Until this game there was no concept of campaign. There were race with type/model power classifications which is what we have got.
Incredibly debatable. Those races, and indeed, championships, constituted a campaign. Much like how the Menus constitute a campaign.
although personally I’m not sure how you ever complete a driving game.
By reaching the signified end point set by the developers? In GT's case, that's usually been the credits gained after beating the GT World Championships in the older games, and indeed, Kaz said in the lead up to the release of GT7 that the traditional 'end' of the game was after completing the final menu and watching the credits roll. No different then 'completing' a narrative driven game, except the methods for doing so are different. And GT is no different in that regard.
I’m really really not sure what people want from these things anymore?
If GT is going to continue flying the flag of a structured, Car-PG style of game, then they absolutely should add more races right off the hop instead of cutting content to the bone to give themselves the ability to bring it back in later updates to make up the difference and be patted on the back for being supposed good guys. Really, I'm just going to quote Famine since he gets at the issue better then I can:
I'm pretty sure I could come up with a list of enough single-player races to fill up 300 hours without any repeats (or any feeling of repetitiveness) with just the cars and tracks in GT7 in about half an hour; I think pretty much anyone could triple the current offering without much thought - Kei car race, unmodified car race with 500PP cap, super-tuner Like The Wind race, stick a 90-minute or two-hour "endurance" race in (or a bunch of each; Maggiore is crying out for an enduro, and you've got Le Mans, N24, Daytona, Spa, and Barcelona which all host 24hr races, Fuji and Bathurst hold endurance races, Trial Mountain held 2hr enduros in the PS1 era, Alsace looks great at night, Monza, Brands, blah blah etc), one-make events for all the brands, VGT event... and that's just 30 seconds of idle musing.
And this is why I say there's not enough game.

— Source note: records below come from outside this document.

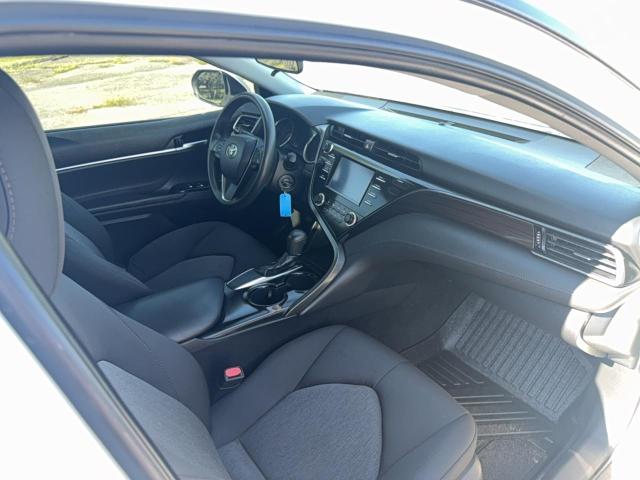 Auction sale of the 2019 Toyota Camry, vin: 4T1B11HK7KU815806, lot number: 69319406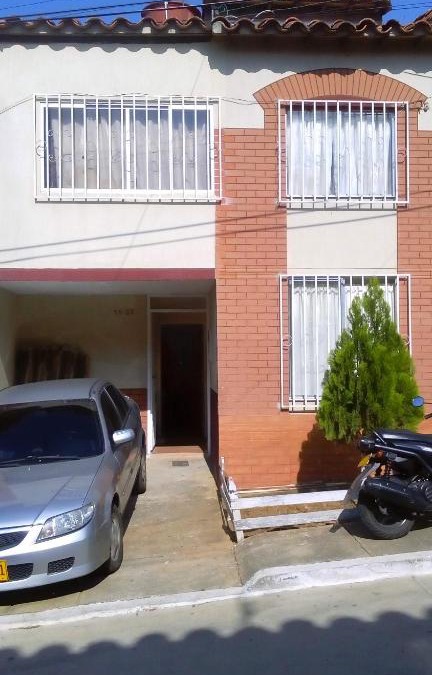 Pinchote House | Casa Alar Del Conde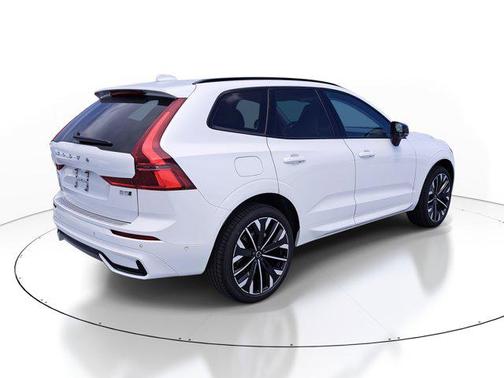 2026 Volvo XC60 B5 Ultra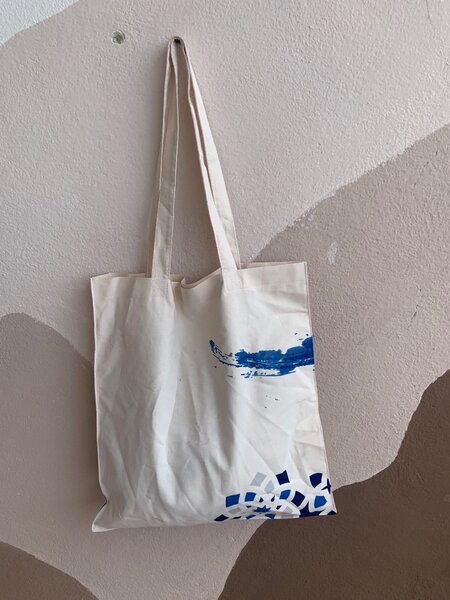 Tote bag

There's easily 300hr of offline racing content possible, but GT7 gives us only just about a half of a tenth of that... while still having the stuff to collect appropriate to a 300hr game. Yes, more will come, and more content will come too, but it could have launched with almost no grinding, just a varied array of races with only the content it has.

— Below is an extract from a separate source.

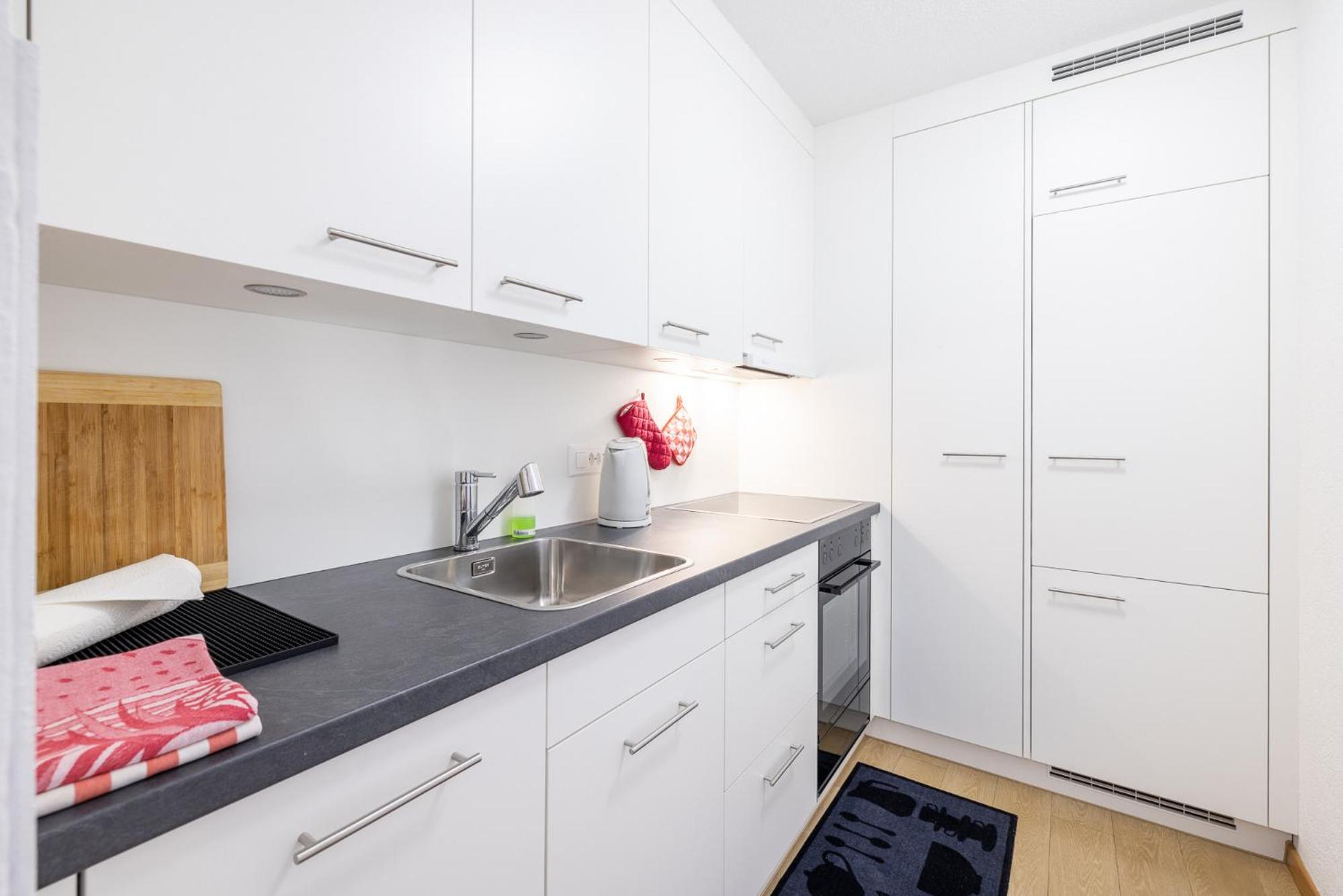 2203 Modernes Studio mit Balkon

That, and actually offer some semblance of difficulty, and rewards for choosing a higher difficulty, instead of masking the same slow and dumb AI under difficulty settings that don't matter in the grand scheme of things because most of the difficulty comes artificially from AI being halfway around the track when you start the race.
Doing races isn’t grinding, it’s racing. What makes it grinding is when you do it because you want something other than the racing or to make credits.
I'd say that racing can be grinding, due to the reasons outlined above. And considering Polyphony,
by their own admission, made car collecting a major part of the game, invariably it means one's going to have to be grinding if they want any of the big game hunting vehicles to finish a scrap book.
Over the next few years I’ll take hundreds of cars round the ring just to see what they are like, do countless hours and get no credits for it.
Good for you. I'm playing the game by the way Polyphony wants me to - buying cars, tuning them up, and racing. And all three of these aspects have various levels of problems that absolutely needs to be addressed, and criticized.
If you like cars, like driving and racing then I’m not sure what the issue is.
That, or you're not willing to listen to the problems outlined by the literal highest ranked member of the staff not named Jordan, reviewers from reputable sites, and people in this very thread, including myself, and think that your reasons for playing the game are applicable to all, when they aren't anywhere close.